*Assignment*
What you return must be the full data, repeated verbatim, with no pictures in it.

*Data*

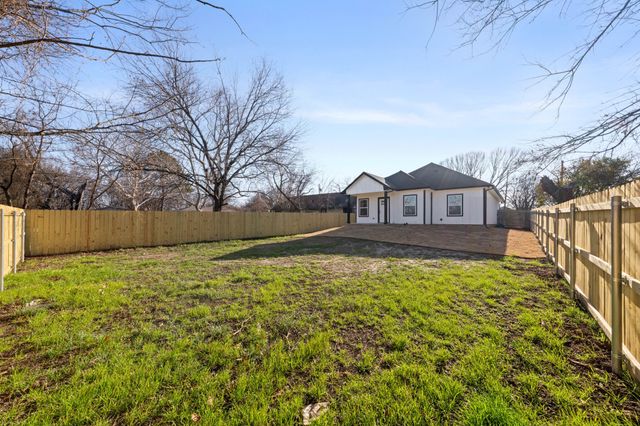 1202 N Breckenridge Street, Ennis, TX 75119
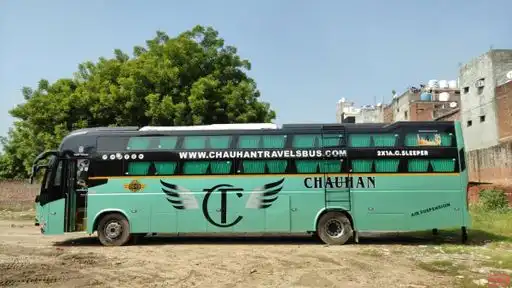 CHAUHAN TRAVELS Bus-Front Image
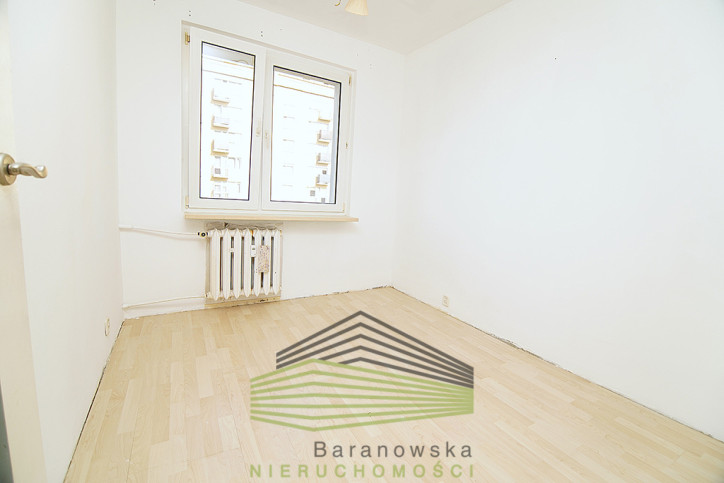 Mieszkanie Sprzedaż  os. Dolinki 5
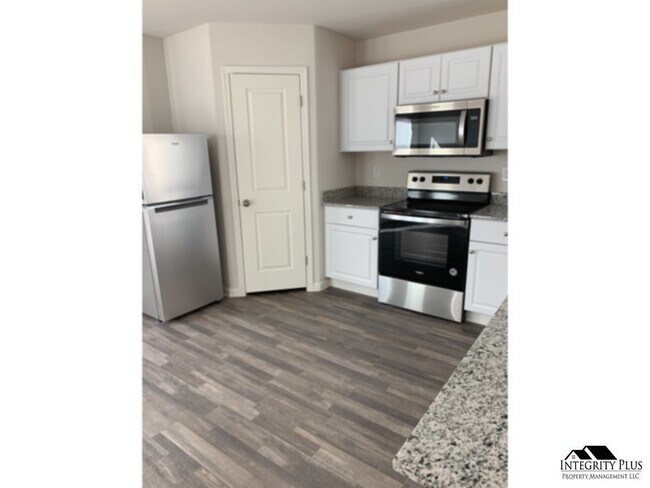 Building Photo - 4 bedroom 3 bath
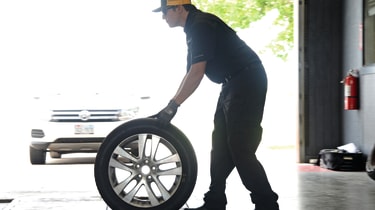 Tyre Test 2019 - changing tyre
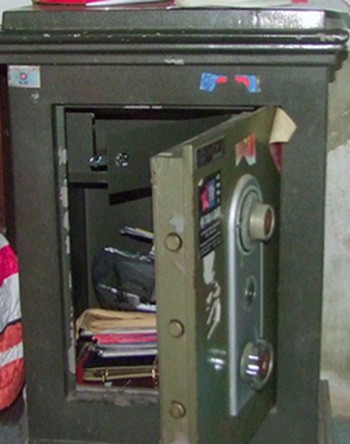 Thuê thợ đến phá két sắt nhà hàng xóm - ảnh 1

*Answer to this exercise*
 1202 N Breckenridge Street, Ennis, TX 75119
 CHAUHAN TRAVELS Bus-Front Image
 Mieszkanie Sprzedaż  os. Dolinki 5
 Building Photo - 4 bedroom 3 bath
 Tyre Test 2019 - changing tyre
 Thuê thợ đến phá két sắt nhà hàng xóm - ảnh 1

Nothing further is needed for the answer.